Scoring models may be based on more than just information in your credit report. For example, the model may consider information from your credit application as well: your job or occupation, length of employment, or whether you own a primary residence.
To improve your credit score under most models, concentrate on paying your bills on time, paying down outstanding balances, and not taking on new debt. It’s likely to take some time to improve your score significantly.
What happens if you are denied credit or don’t get the terms you want?
If you are denied credit, the Equal Credit Opportunity Act requires that the creditor give you a notice that tells you the specific reasons your application was rejected or the fact that you have the right to learn the reasons, if you ask within 60 days. Indefinite and vague reasons for denial are illegal, so ask the creditor to be specific. Acceptable reasons include: “Your income was low” or “You haven’t been employed long enough.” Unacceptable reasons include: “You didn’t meet our minimum standards” or “You didn’t receive enough points on our credit scoring system.”If a creditor says you were denied credit because you are too near your credit limits on your charge cards or you have too many credit card accounts, you may want to reapply after paying down your balances or closing some accounts. Though sometimes closing accounts may have a derogatory effect on your credit score. Credit scoring systems consider updated information and change over time.

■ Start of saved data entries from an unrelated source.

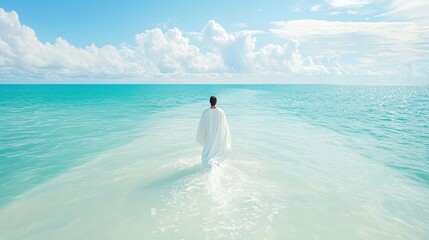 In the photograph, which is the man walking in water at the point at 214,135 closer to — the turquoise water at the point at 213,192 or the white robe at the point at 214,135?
the white robe at the point at 214,135

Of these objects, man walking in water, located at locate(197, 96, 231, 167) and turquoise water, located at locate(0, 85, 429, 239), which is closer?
turquoise water, located at locate(0, 85, 429, 239)

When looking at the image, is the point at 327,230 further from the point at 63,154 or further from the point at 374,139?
the point at 374,139

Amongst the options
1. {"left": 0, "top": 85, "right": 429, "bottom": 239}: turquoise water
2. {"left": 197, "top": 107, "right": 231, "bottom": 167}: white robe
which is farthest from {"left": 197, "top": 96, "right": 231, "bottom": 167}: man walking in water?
{"left": 0, "top": 85, "right": 429, "bottom": 239}: turquoise water

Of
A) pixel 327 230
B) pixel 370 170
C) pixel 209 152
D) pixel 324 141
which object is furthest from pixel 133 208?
pixel 324 141

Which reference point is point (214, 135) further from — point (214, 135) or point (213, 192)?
point (213, 192)

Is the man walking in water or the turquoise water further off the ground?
the man walking in water

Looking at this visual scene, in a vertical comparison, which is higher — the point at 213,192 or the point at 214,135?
the point at 214,135

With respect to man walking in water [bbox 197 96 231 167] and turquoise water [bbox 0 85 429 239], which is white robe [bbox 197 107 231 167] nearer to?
man walking in water [bbox 197 96 231 167]

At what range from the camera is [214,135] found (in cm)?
807

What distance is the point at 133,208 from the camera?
600 centimetres

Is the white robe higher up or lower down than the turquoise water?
higher up

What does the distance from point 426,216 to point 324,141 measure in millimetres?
8446

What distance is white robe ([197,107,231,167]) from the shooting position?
7988mm

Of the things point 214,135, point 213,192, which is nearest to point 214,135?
point 214,135
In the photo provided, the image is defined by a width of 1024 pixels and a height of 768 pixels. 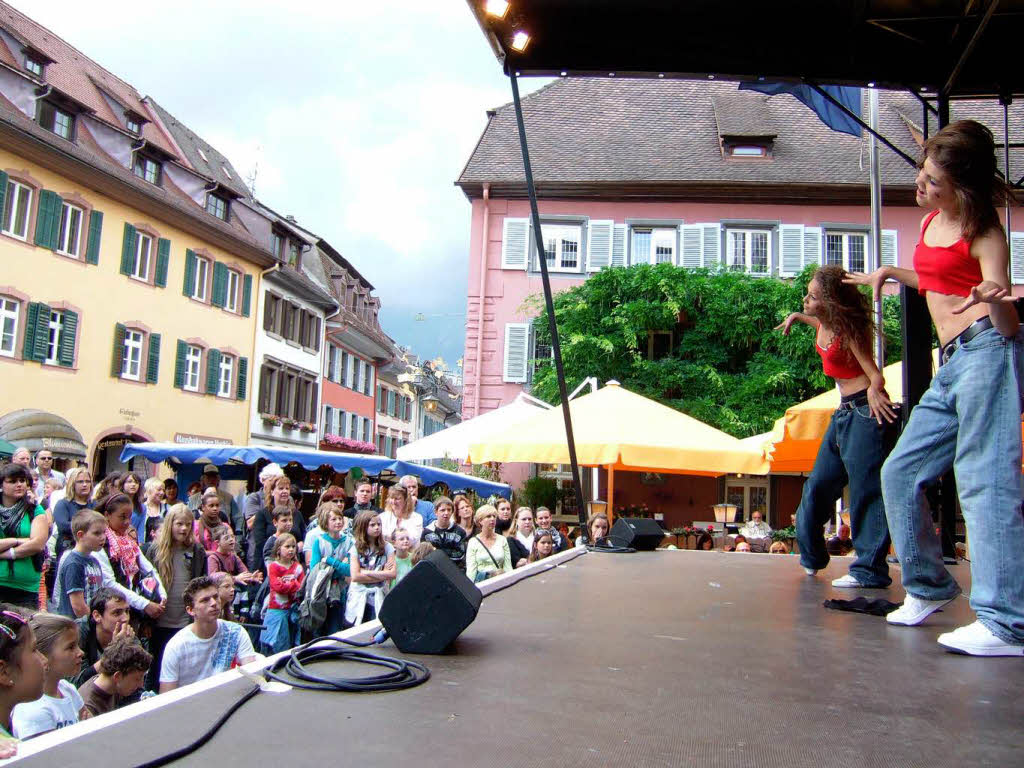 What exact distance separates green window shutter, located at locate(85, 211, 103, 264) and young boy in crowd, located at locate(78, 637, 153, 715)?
69.3 ft

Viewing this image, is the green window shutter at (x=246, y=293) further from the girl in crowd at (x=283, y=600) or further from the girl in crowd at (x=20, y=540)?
the girl in crowd at (x=20, y=540)

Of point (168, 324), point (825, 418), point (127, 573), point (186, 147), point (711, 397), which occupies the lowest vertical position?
point (127, 573)

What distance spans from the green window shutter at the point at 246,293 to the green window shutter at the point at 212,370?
7.44 feet

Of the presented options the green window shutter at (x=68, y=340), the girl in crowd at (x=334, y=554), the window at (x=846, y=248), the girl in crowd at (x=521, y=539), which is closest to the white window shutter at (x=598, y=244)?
the window at (x=846, y=248)

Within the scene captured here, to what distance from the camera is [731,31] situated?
17.4 feet

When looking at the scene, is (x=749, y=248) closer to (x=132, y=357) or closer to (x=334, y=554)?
(x=132, y=357)

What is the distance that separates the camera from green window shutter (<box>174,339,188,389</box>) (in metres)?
27.5

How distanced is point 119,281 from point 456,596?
24.9 metres

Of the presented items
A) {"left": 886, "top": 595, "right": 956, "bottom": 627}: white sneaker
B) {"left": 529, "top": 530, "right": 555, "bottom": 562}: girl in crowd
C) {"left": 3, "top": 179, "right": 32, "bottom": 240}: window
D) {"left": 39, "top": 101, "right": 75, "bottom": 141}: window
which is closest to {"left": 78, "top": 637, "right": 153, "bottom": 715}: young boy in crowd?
{"left": 886, "top": 595, "right": 956, "bottom": 627}: white sneaker

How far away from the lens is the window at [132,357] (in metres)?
25.3

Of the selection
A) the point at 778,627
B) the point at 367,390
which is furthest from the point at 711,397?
the point at 367,390

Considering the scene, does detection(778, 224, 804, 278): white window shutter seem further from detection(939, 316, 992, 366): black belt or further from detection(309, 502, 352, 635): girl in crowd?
detection(939, 316, 992, 366): black belt

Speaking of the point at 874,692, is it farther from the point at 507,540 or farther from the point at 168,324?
the point at 168,324

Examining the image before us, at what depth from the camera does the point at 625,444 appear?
950 cm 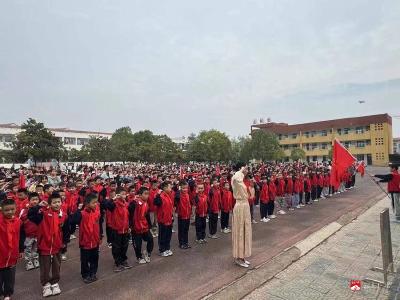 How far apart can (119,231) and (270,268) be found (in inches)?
119

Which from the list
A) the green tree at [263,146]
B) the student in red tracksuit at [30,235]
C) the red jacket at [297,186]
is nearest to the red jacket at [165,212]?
the student in red tracksuit at [30,235]

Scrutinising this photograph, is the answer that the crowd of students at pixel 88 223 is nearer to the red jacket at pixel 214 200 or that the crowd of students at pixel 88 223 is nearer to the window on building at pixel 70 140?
the red jacket at pixel 214 200

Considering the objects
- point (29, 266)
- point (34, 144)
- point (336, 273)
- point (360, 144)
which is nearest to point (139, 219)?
point (29, 266)

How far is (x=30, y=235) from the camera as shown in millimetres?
5723

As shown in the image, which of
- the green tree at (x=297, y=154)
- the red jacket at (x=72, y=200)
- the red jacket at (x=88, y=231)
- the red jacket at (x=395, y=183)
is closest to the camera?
the red jacket at (x=88, y=231)

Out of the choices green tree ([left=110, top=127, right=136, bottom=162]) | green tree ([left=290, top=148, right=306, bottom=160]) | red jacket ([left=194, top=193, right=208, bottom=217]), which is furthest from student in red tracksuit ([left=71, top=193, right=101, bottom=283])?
green tree ([left=290, top=148, right=306, bottom=160])

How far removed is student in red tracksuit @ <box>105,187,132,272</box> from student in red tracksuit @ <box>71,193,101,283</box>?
0.56 metres

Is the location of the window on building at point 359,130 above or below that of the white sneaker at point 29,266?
above

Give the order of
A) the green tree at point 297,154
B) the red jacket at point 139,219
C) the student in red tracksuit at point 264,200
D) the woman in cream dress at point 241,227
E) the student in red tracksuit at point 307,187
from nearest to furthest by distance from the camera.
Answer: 1. the woman in cream dress at point 241,227
2. the red jacket at point 139,219
3. the student in red tracksuit at point 264,200
4. the student in red tracksuit at point 307,187
5. the green tree at point 297,154

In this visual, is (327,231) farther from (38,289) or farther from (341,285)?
(38,289)

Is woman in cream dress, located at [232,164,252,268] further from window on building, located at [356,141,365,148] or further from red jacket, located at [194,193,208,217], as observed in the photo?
window on building, located at [356,141,365,148]

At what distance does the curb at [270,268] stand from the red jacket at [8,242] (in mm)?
2915

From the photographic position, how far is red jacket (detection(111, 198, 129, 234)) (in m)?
6.10

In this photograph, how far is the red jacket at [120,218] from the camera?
20.0 ft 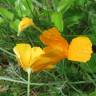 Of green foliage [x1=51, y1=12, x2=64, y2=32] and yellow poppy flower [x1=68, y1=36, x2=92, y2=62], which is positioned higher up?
green foliage [x1=51, y1=12, x2=64, y2=32]

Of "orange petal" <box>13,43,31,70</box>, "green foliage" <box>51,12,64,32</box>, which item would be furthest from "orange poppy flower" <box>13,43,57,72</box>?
"green foliage" <box>51,12,64,32</box>

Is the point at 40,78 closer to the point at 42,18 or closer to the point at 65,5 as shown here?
the point at 42,18

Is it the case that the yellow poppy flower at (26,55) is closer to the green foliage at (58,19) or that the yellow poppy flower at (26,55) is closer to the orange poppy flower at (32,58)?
the orange poppy flower at (32,58)

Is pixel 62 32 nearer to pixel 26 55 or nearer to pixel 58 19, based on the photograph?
pixel 58 19

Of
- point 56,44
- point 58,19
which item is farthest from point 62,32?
point 56,44

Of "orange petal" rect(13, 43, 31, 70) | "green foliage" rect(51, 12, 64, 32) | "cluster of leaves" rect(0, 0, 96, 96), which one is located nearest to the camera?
"orange petal" rect(13, 43, 31, 70)

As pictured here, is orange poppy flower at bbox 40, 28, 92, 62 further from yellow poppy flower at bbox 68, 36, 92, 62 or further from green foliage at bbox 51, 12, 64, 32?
green foliage at bbox 51, 12, 64, 32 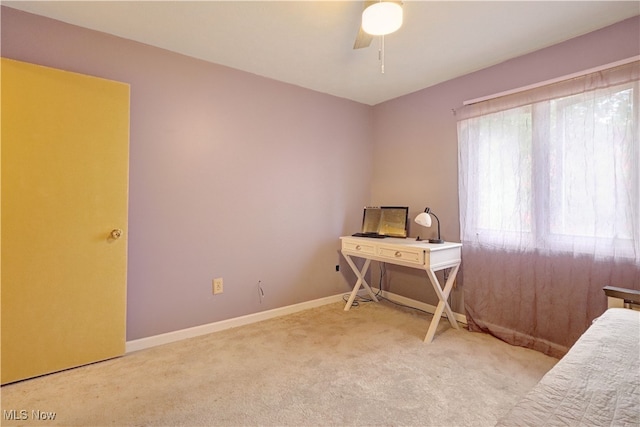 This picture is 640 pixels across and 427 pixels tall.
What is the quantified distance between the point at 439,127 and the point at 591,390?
2490 millimetres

Sometimes you can be denied credit because of information from a credit report. If so, the Fair Credit Reporting Act requires the creditor to give you the name, address and phone number of the credit reporting agency that supplied the information. You should contact that agency to find out what your report said. This information is free if you request it within 60 days of being turned down for credit. The credit reporting agency can tell you what’s in your report, but only the creditor can tell you why your application was denied.
If you’ve been denied credit, or didn’t get the rate or credit terms you want, ask the creditor if a credit scoring system was used. If so, ask what characteristics or factors were used in that system, and the best ways to improve your application. If you get credit, ask the creditor whether you are getting the best rate and terms available for your commercial mortgage application and, if not, why. If you are not offered the best rate available because of inaccuracies in your credit report, be sure to dispute the inaccurate information in your credit report.